## Records to use:
[Start of section]

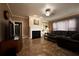 Inviting living room features a cozy fireplace and built-in bookshelves for a warm and inviting ambiance at 3071 Intrepid Wake, Marietta, GA 30062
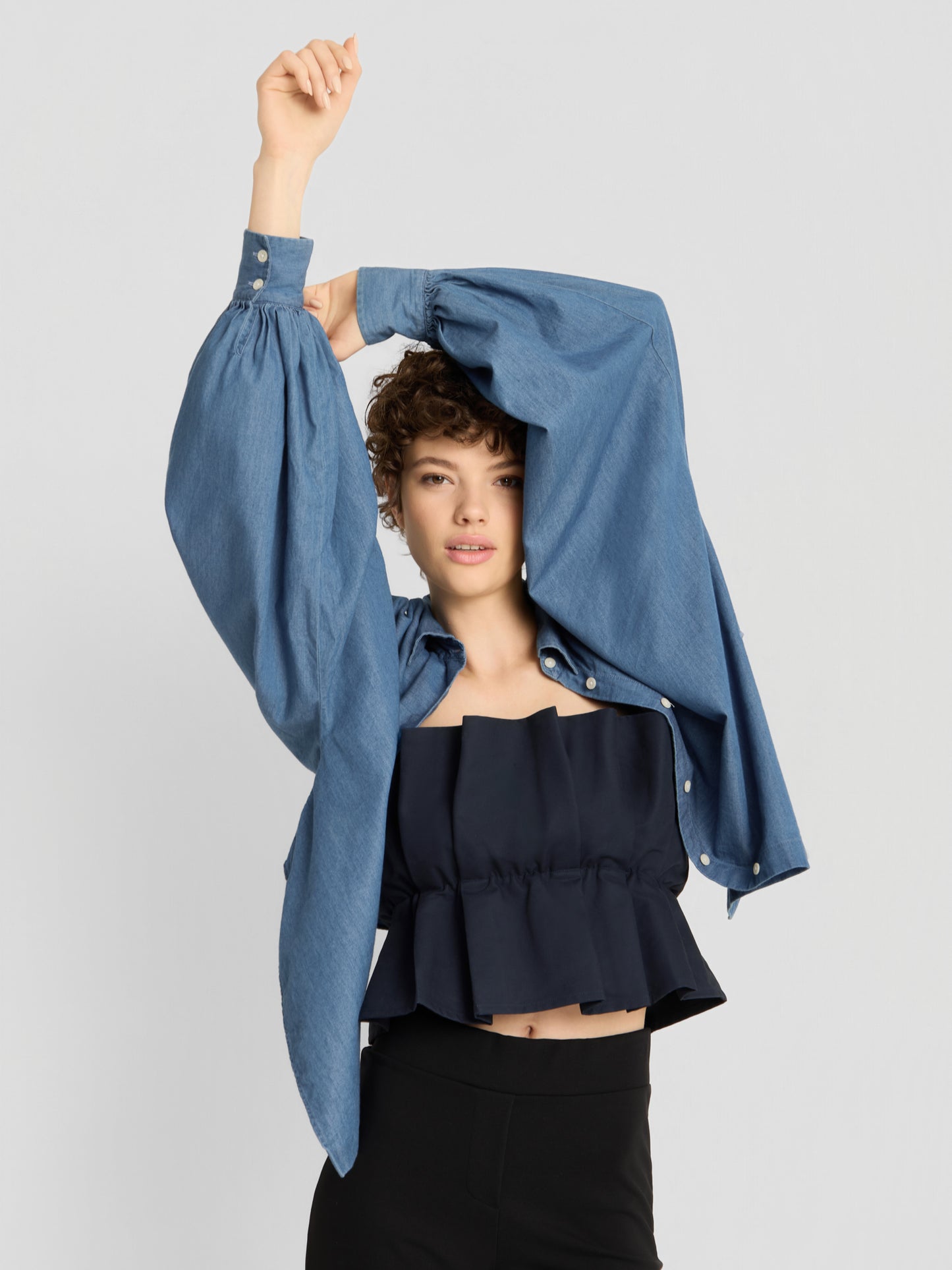 Eine Person mit kurzen Locken posiert mit erhobenem Arm vor einem schlichten hellen Hintergrund. Sie trägt ein blaues Jeanshemd mit übergroßen Ärmeln über einem schwarzen „Pleat Top“ sowie eine schwarze Hose mit hoher Taille.
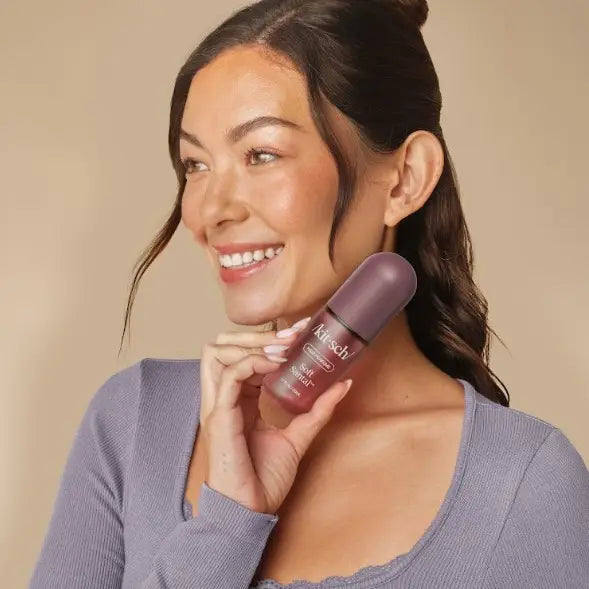 A smiling woman with dark hair in a bun holds a Kitsch Soft Santal Hair Perfume against her neck, wearing a lavender long-sleeve top against a solid beige background.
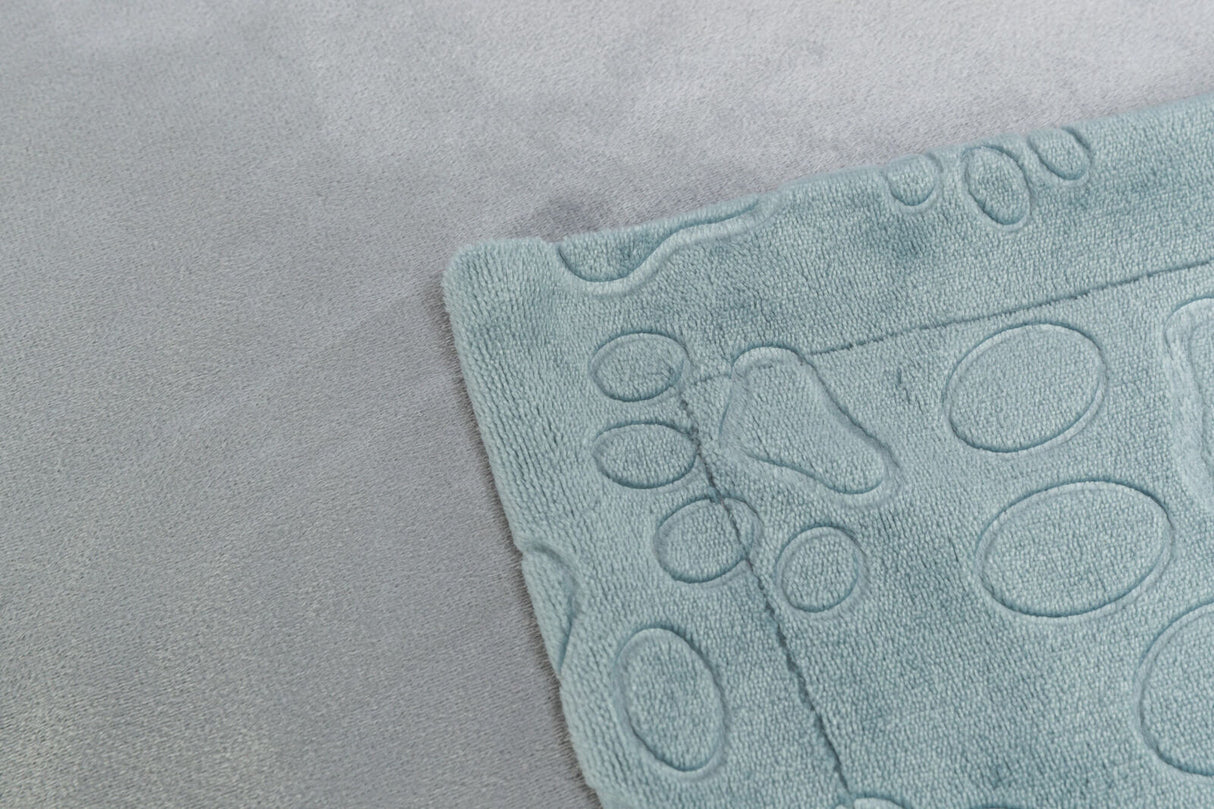 Ecke einer hellblauen, strukturierten Matte mit einem kreisförmigen Muster auf einem grauen Stoffuntergrund.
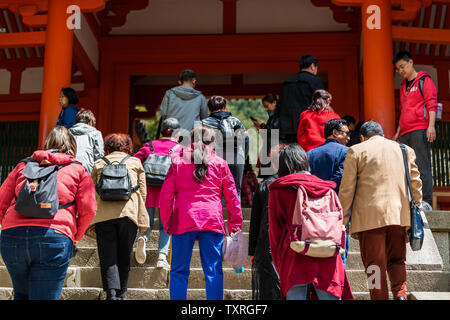Nara, Giappone - 14 Aprile 2019: persone folla indietro salendo le scale di Kasuga jinja gate con colore rosso Foto Stock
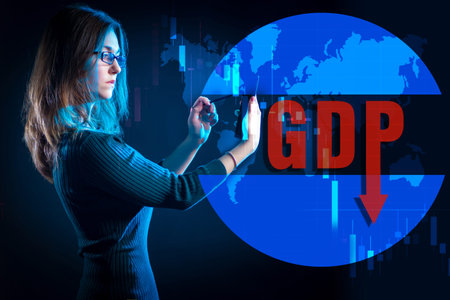Girl on the background of the world map and GDP inscription with a down arrow. Analysis of...
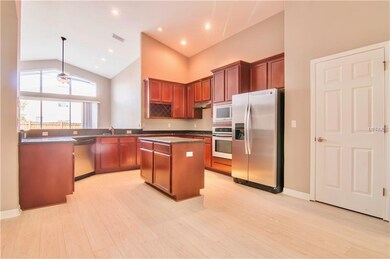 Spacious Kitchen with Solid Wood Cabinets and Ston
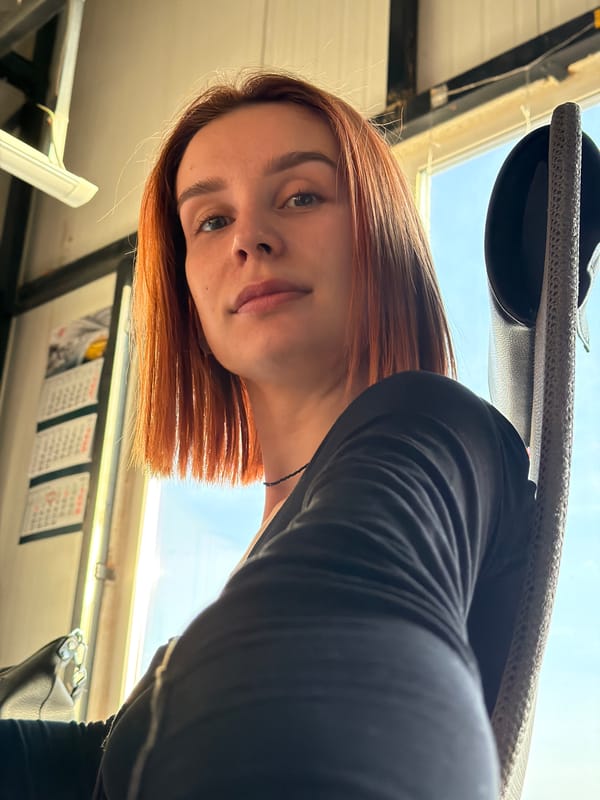 Woman takes selfies in winter dawn in Chaikovsky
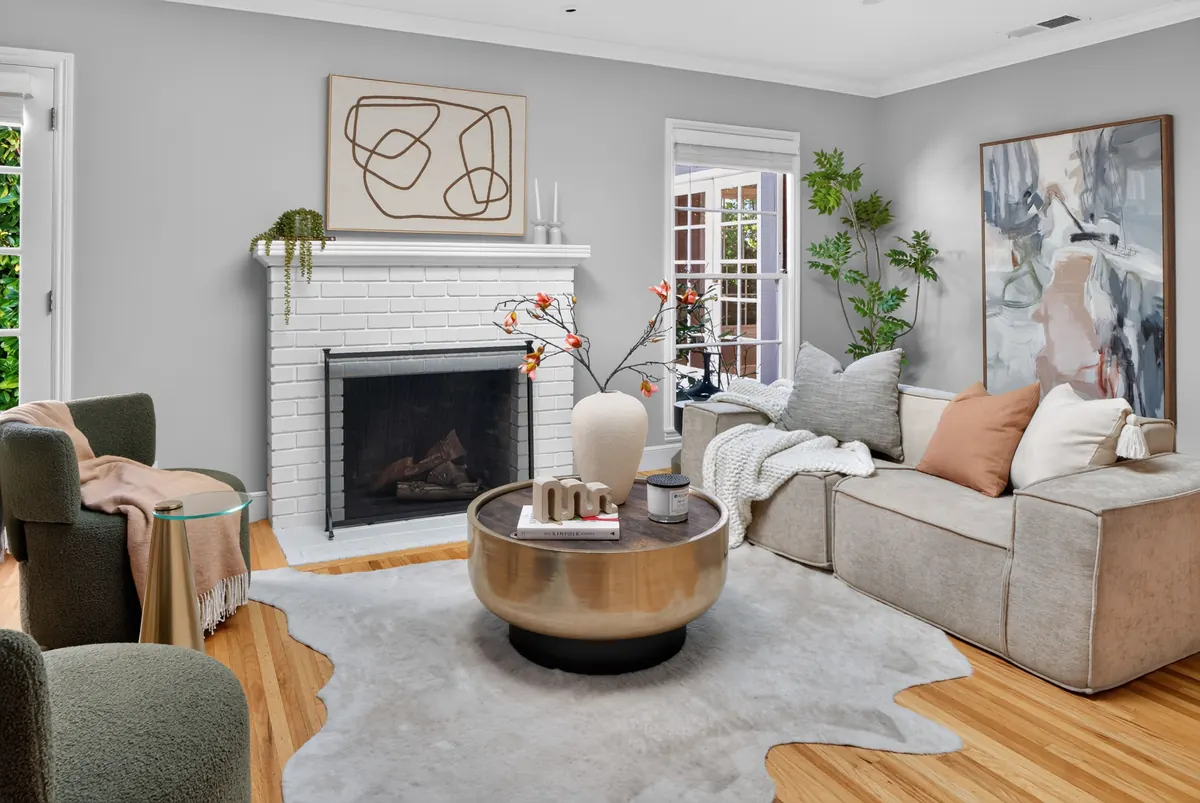 Living room by a white brick fireplace with a brass drum coffee table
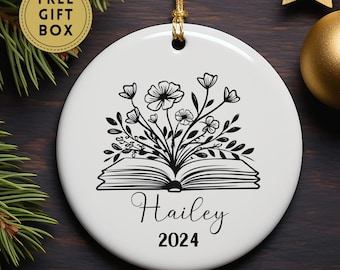May include: White ceramic ornament with a black and white illustration of a book with flowers growing out of it. The text "Hailey 2024" is printed below the book.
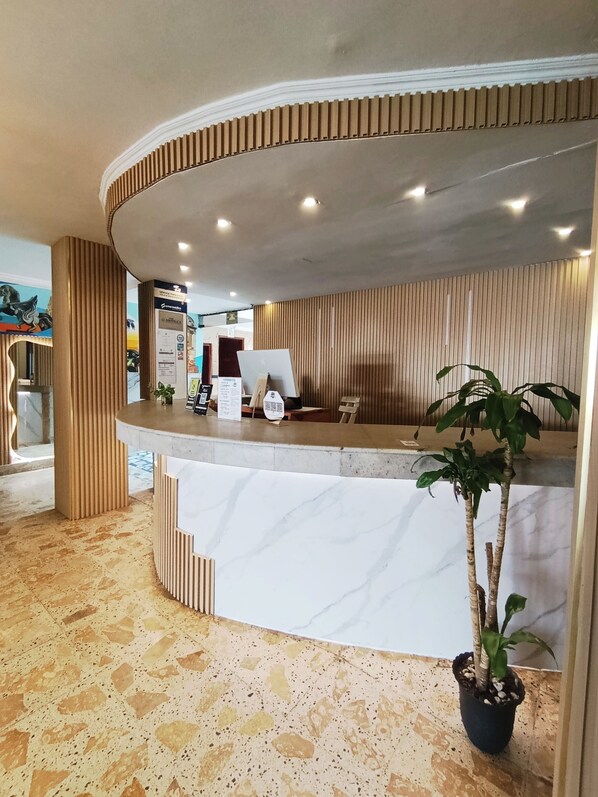 A reception desk with a curved design, a potted plant, and a tiled floor. - Hotel Toledo FL (Cartagena)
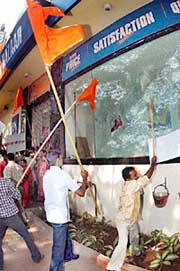 Shiv Sena activists break window panes of a shopping mall during a rampage at Mulund in north Mumbai on Sunday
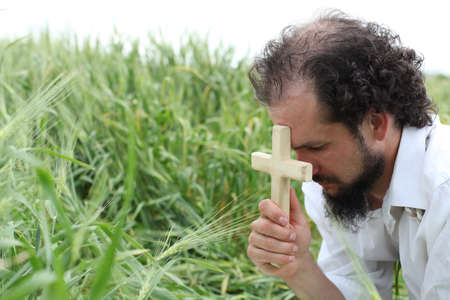 Man praying for good wheat year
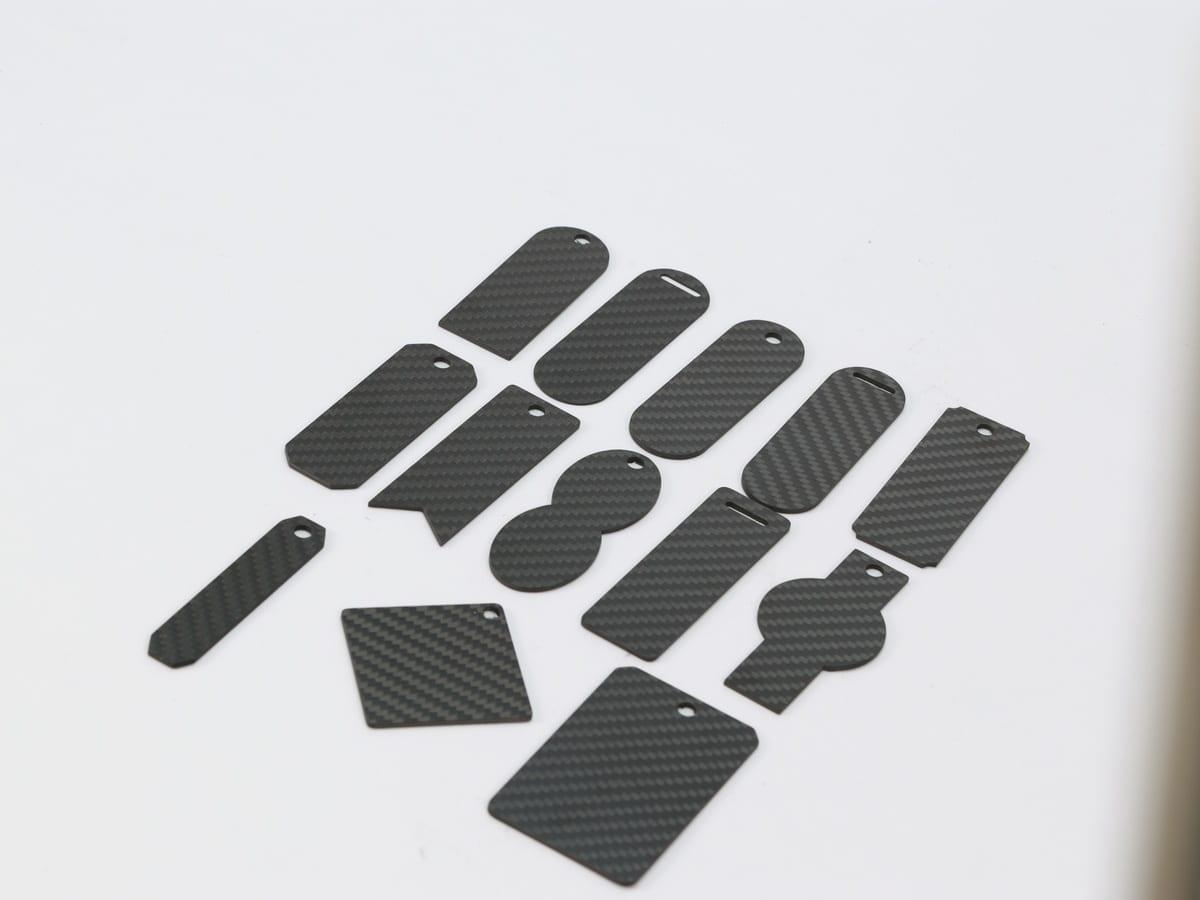 Custom Shape Tag – Carbon Fiber | Your Design, Your Shape — carbon fiber close-up view 3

[End of section]

## Work request:
Using the entries above, transcribe exactly from the line that has "A smiling woman" through the line that has "Ecke einer hellblauen, strukturierten". Pictures are dropped.

## Worked solution:
 A smiling woman with dark hair in a bun holds a Kitsch Soft Santal Hair Perfume against her neck, wearing a lavender long-sleeve top against a solid beige background.
 Ecke einer hellblauen, strukturierten Matte mit einem kreisförmigen Muster auf einem grauen Stoffuntergrund.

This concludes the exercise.